▸ Aim of the task
Of all the entries below, retype only the lines from the one with "Gray mani with pink and glitter details" through the one with "Filters (3) Neutral Density (ND) Filters (3)", exactly as they appear.

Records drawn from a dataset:
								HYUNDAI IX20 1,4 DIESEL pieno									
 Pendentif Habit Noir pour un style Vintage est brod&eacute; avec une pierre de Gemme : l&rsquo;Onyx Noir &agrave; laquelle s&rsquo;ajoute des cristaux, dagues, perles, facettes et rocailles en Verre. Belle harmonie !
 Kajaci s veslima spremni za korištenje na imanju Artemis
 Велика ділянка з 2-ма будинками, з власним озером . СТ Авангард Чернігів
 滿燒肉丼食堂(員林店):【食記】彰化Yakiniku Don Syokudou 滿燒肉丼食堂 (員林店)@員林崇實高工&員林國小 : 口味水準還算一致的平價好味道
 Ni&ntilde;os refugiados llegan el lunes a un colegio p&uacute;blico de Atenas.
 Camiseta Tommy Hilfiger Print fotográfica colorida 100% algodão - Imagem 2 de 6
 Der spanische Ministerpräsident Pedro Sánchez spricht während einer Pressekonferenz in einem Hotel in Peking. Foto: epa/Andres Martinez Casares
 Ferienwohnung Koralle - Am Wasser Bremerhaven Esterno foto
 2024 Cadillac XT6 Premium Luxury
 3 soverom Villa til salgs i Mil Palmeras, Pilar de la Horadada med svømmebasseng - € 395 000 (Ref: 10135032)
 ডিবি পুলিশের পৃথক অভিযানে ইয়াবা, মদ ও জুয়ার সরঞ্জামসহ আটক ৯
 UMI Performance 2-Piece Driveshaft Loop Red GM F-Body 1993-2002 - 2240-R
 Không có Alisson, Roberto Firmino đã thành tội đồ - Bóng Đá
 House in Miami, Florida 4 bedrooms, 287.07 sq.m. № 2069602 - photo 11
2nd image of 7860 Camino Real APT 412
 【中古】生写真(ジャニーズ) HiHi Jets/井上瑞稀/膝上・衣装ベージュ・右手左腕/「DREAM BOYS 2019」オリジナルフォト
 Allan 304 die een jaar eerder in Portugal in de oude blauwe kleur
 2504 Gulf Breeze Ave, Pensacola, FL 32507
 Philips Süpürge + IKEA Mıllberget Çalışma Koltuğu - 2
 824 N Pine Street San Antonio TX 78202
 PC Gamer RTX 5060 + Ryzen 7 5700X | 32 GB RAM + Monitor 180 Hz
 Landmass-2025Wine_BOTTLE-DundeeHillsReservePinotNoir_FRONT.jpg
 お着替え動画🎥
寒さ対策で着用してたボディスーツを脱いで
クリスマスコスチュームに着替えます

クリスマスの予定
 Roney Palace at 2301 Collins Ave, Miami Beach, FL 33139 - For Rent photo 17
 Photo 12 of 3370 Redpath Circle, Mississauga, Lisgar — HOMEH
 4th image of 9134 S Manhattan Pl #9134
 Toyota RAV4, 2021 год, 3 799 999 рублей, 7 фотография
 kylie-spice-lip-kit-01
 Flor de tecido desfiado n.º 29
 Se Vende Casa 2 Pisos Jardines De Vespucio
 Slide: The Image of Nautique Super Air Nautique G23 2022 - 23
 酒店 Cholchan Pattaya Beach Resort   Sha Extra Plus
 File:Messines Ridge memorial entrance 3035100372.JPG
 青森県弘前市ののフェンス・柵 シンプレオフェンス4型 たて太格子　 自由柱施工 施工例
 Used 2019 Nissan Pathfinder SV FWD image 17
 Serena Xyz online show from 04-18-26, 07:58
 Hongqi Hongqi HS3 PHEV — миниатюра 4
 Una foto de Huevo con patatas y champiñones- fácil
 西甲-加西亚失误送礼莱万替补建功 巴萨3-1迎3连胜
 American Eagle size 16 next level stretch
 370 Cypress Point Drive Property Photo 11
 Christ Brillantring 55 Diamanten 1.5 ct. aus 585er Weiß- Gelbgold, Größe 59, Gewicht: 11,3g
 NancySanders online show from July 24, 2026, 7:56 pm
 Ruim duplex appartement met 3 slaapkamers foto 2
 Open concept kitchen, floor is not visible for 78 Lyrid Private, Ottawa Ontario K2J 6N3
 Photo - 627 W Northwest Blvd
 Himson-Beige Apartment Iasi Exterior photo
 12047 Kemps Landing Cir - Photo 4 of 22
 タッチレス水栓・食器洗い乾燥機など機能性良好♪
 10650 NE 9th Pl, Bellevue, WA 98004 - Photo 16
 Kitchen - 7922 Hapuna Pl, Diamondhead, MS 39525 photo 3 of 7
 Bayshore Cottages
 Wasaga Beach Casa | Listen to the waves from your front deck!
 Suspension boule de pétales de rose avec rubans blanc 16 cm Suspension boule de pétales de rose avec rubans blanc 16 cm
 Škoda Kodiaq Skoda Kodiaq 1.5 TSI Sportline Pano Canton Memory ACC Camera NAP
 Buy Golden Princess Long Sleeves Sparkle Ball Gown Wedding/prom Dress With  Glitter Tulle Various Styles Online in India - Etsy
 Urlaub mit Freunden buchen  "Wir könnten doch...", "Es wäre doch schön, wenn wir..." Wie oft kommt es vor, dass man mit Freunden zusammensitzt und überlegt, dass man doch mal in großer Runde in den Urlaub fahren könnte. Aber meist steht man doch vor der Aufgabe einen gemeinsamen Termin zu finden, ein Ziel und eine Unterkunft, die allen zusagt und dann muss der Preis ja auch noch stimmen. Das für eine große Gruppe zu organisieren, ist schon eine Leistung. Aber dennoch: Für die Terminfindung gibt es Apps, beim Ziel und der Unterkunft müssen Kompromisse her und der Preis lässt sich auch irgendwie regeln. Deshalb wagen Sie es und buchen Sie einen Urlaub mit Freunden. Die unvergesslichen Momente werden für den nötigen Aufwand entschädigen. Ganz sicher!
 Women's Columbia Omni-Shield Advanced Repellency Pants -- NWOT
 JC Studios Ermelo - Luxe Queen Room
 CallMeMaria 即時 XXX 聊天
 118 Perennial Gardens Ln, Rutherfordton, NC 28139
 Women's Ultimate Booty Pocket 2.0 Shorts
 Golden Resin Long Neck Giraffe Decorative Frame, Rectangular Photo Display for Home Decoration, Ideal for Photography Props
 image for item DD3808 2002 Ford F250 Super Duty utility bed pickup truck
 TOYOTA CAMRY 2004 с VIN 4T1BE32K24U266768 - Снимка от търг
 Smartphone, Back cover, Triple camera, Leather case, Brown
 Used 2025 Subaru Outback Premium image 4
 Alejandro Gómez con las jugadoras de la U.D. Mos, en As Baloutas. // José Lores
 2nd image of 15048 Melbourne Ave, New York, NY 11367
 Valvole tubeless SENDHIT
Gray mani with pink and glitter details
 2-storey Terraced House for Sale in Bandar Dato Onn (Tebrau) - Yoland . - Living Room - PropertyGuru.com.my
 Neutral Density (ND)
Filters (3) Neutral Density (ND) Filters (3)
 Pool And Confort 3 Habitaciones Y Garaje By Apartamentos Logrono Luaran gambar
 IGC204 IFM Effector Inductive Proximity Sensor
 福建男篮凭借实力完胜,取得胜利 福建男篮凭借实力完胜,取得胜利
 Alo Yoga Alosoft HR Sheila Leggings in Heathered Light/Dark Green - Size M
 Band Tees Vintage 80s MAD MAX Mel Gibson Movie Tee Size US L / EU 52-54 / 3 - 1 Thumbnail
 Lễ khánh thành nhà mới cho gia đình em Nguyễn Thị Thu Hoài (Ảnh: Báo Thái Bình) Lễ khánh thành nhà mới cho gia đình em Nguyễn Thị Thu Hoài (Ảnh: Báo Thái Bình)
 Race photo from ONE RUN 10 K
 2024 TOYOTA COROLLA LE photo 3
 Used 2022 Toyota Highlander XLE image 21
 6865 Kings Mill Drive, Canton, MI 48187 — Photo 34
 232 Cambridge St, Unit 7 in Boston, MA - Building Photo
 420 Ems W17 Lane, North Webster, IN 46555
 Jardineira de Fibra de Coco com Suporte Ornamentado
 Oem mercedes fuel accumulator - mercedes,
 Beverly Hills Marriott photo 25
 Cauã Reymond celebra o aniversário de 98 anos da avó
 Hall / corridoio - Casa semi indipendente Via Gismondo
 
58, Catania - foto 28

▸ Result of this task
Gray mani with pink and glitter details
 2-storey Terraced House for Sale in Bandar Dato Onn (Tebrau) - Yoland . - Living Room - PropertyGuru.com.my
 Neutral Density (ND)
Filters (3) Neutral Density (ND) Filters (3)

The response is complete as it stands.